■ **TRY IT**: All entries below must be written out verbatim, and the images must be dropped.

Records drawn from a dataset
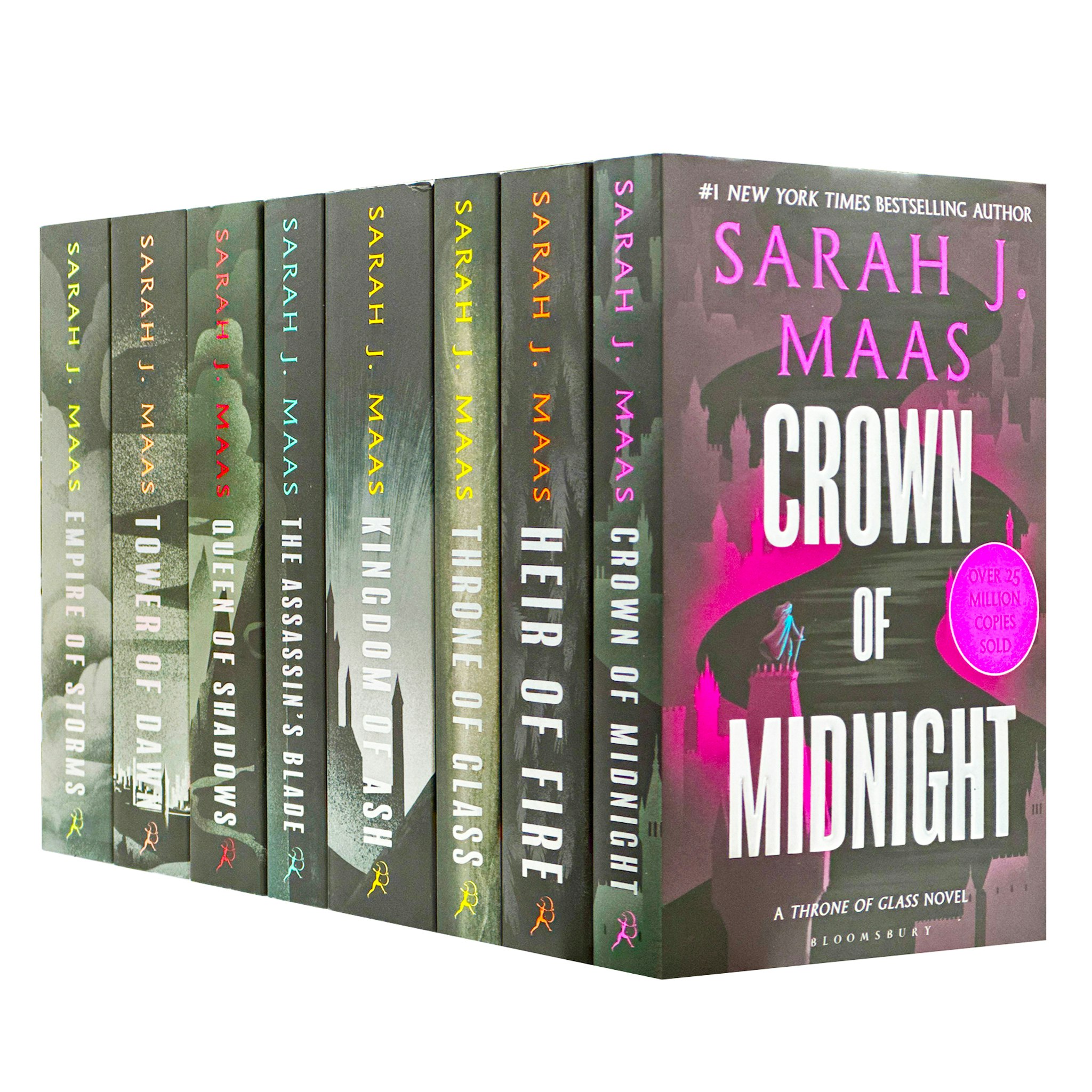 Throne Of Glass Series Collection 8 Books Set By Sarah J Maas NEW COVER - Image 4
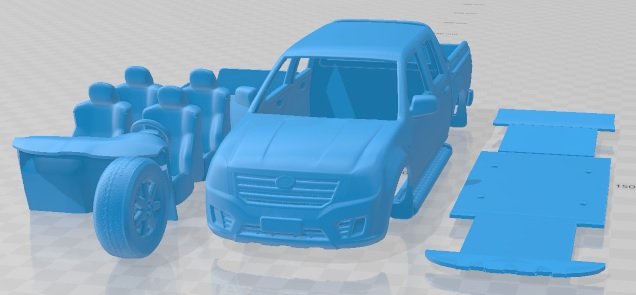 FAW Kun Cheng 2016 Printable Car Modelo de impresión 3D .c4d .max .obj .3ds .fbx .stl .blend 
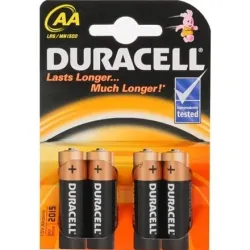 Батареи Duracell AA-LR06, AA, 1.5 В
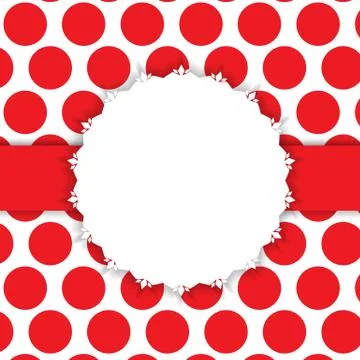 Retro Frame on Cute Background Vector Illustration Stock Illustration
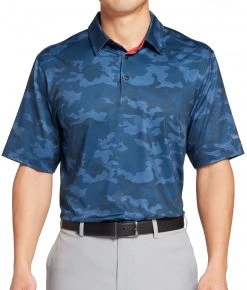 Walter Hagen Men's Perfect 11 Americana Camo Golf Polo Camo Red/white/blue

■ **EXERCISE ANSWER**:
 Throne Of Glass Series Collection 8 Books Set By Sarah J Maas NEW COVER - Image 4
 FAW Kun Cheng 2016 Printable Car Modelo de impresión 3D .c4d .max .obj .3ds .fbx .stl .blend 
 Батареи Duracell AA-LR06, AA, 1.5 В
 Retro Frame on Cute Background Vector Illustration Stock Illustration
 Walter Hagen Men's Perfect 11 Americana Camo Golf Polo Camo Red/white/blue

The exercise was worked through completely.